(Web page caption snippets)
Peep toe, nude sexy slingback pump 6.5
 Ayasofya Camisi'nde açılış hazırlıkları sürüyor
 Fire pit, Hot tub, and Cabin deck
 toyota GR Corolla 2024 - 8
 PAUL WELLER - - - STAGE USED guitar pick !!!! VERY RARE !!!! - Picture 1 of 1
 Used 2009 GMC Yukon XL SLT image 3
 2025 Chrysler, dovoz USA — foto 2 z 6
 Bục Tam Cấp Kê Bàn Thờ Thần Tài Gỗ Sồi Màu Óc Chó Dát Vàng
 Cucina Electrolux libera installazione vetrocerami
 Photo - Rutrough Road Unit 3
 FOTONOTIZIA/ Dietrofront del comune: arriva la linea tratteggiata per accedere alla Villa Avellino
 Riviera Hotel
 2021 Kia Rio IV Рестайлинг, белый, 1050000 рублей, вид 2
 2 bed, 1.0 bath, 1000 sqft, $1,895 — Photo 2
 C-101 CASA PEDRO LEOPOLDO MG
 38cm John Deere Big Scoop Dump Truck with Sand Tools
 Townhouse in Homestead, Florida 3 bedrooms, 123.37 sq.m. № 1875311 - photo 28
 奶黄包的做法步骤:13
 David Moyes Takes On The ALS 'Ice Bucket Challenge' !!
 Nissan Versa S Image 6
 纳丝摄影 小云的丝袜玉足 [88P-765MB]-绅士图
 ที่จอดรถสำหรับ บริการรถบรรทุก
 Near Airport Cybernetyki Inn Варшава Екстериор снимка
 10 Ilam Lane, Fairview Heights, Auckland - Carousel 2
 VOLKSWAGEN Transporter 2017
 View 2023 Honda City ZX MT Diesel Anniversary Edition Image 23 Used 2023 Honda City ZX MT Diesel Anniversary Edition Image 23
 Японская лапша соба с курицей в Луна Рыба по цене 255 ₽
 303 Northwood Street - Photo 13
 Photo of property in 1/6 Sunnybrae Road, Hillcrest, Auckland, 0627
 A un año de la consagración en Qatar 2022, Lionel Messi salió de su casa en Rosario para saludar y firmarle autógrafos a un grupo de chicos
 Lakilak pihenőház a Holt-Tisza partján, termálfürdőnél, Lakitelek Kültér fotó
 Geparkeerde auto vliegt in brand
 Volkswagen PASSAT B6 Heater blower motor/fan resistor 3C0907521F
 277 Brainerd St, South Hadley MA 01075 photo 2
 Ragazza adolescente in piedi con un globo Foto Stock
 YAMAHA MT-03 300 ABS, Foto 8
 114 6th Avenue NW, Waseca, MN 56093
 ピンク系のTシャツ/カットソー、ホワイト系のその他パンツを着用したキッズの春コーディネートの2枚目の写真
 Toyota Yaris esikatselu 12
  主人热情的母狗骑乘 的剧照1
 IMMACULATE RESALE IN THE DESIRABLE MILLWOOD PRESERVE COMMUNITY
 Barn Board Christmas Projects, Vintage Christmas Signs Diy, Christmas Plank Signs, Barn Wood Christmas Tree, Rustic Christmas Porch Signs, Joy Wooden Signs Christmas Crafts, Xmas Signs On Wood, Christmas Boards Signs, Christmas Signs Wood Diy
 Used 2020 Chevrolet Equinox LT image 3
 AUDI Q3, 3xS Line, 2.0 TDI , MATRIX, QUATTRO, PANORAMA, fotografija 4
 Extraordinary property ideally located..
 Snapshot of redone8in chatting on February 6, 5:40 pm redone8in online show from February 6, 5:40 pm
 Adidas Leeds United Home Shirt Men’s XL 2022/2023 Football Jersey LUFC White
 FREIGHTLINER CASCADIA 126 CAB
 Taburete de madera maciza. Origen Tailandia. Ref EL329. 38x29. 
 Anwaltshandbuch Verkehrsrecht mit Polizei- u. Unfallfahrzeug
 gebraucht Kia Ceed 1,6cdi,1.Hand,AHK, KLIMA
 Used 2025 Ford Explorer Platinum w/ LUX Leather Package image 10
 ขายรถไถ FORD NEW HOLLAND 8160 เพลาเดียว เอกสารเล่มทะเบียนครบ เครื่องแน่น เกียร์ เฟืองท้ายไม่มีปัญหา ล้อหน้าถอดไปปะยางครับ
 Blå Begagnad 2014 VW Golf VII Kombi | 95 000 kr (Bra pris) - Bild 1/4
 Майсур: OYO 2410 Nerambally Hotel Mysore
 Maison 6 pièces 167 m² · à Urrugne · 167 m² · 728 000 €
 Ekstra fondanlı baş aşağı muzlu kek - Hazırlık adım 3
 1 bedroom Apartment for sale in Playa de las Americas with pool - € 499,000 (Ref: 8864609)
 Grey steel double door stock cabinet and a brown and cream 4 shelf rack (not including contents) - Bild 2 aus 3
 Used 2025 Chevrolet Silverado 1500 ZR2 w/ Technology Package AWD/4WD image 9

Work required:
Your answer must be every line from the entries that contains the string "Auckland", copied as it stands.

Solution to this exercise:
 10 Ilam Lane, Fairview Heights, Auckland - Carousel 2
 Photo of property in 1/6 Sunnybrae Road, Hillcrest, Auckland, 0627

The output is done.